Task brief |
Restate word for word the lines below from the one that has "Sinister Senior Mature" through the one that has "a kitchen with", keeping both and dropping all pictures.

Material provided |
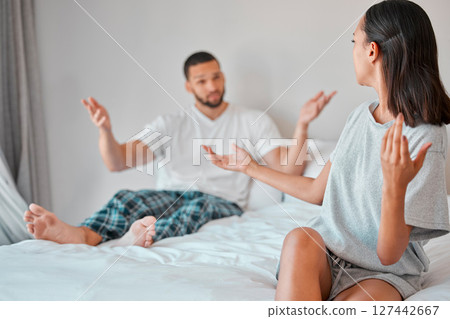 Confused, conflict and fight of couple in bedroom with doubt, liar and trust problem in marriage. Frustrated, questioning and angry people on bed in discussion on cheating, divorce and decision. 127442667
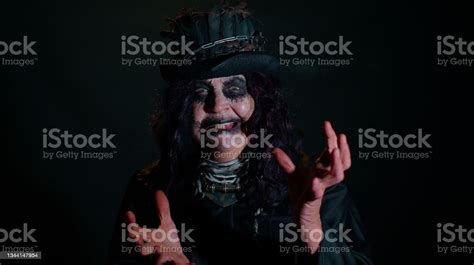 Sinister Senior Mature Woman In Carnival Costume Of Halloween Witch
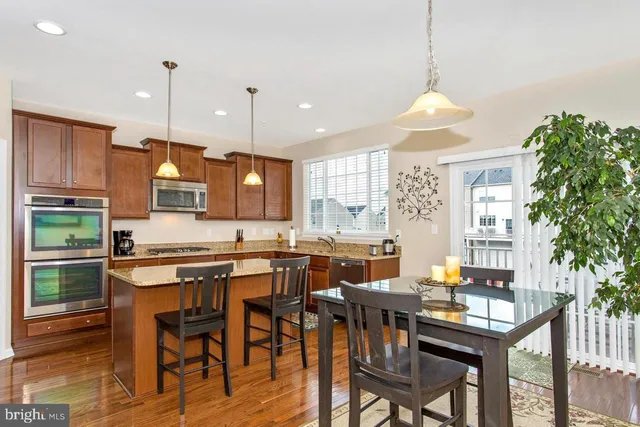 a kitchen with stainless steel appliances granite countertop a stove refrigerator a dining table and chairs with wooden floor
==
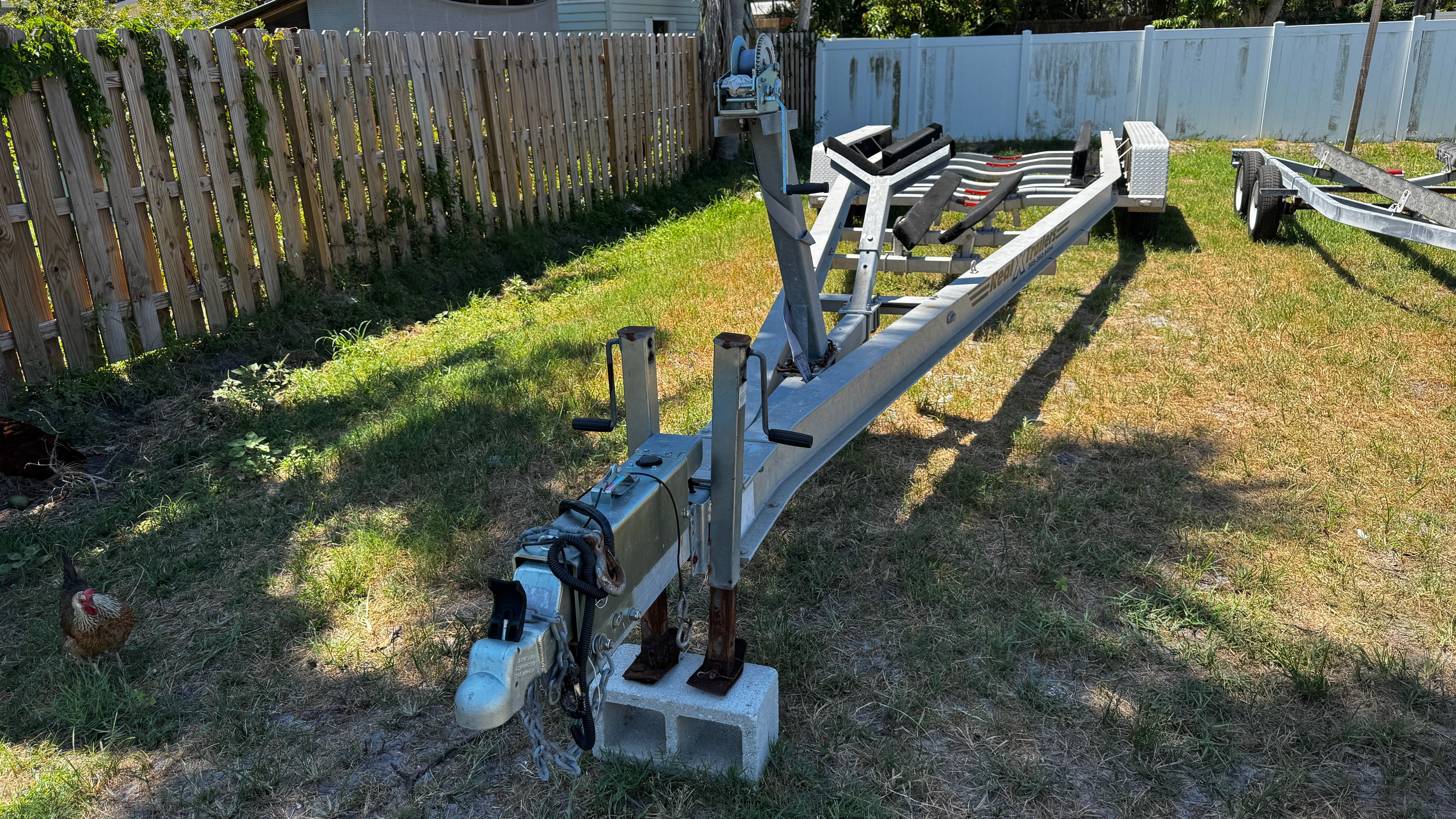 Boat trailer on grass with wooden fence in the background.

Answer to this task |
 Sinister Senior Mature Woman In Carnival Costume Of Halloween Witch
 a kitchen with stainless steel appliances granite countertop a stove refrigerator a dining table and chairs with wooden floor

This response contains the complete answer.